### Directions for this task
In the data below, find the line containing "Ersteller:in Yvonne Profilbild"; transcribe it and each line after it exactly, through the last, skipping pictures.

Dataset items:
::::

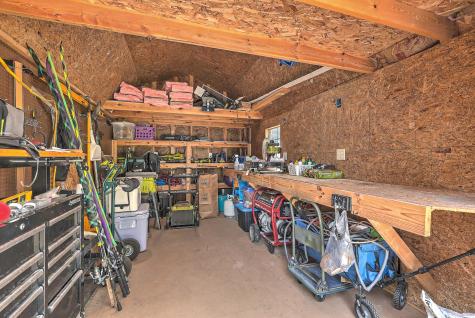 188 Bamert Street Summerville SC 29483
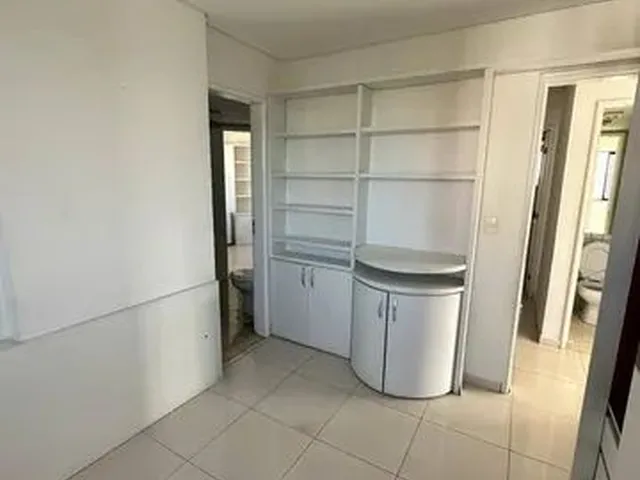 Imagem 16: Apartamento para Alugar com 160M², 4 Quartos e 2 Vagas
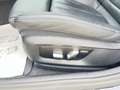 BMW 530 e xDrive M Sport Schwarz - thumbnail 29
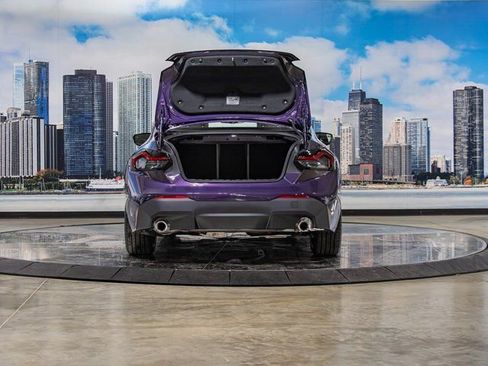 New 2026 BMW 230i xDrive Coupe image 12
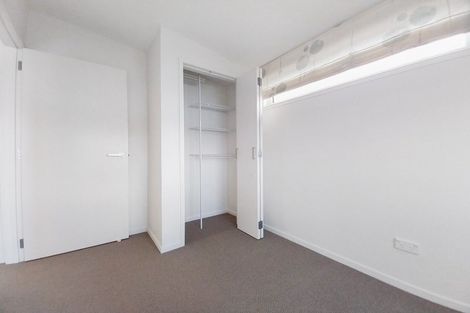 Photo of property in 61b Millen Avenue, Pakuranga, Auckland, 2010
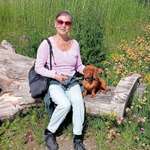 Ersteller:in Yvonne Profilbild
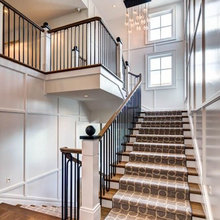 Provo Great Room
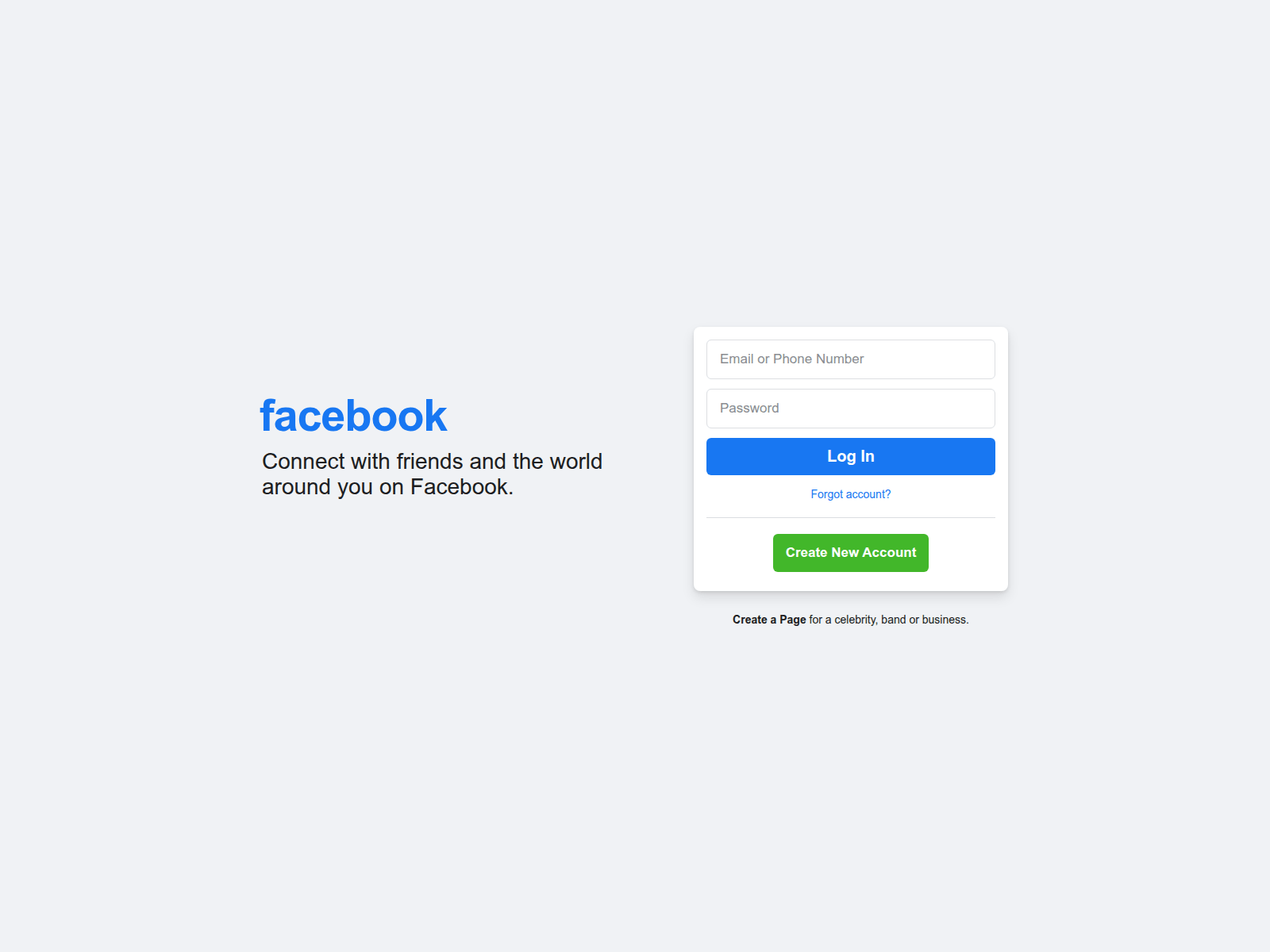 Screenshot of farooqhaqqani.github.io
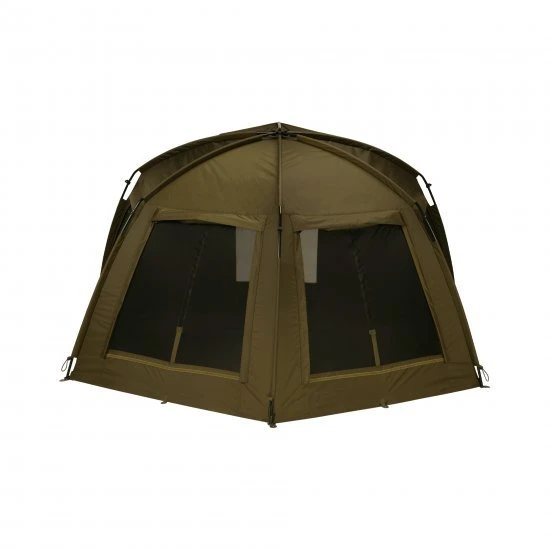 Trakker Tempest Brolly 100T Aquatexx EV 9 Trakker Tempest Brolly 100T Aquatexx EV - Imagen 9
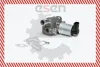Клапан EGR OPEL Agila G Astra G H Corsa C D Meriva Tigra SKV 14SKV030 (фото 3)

::::

### Answer box
 Ersteller:in Yvonne Profilbild
 Provo Great Room
 Screenshot of farooqhaqqani.github.io
 Trakker Tempest Brolly 100T Aquatexx EV 9 Trakker Tempest Brolly 100T Aquatexx EV - Imagen 9
Клапан EGR OPEL Agila G Astra G H Corsa C D Meriva Tigra SKV 14SKV030 (фото 3)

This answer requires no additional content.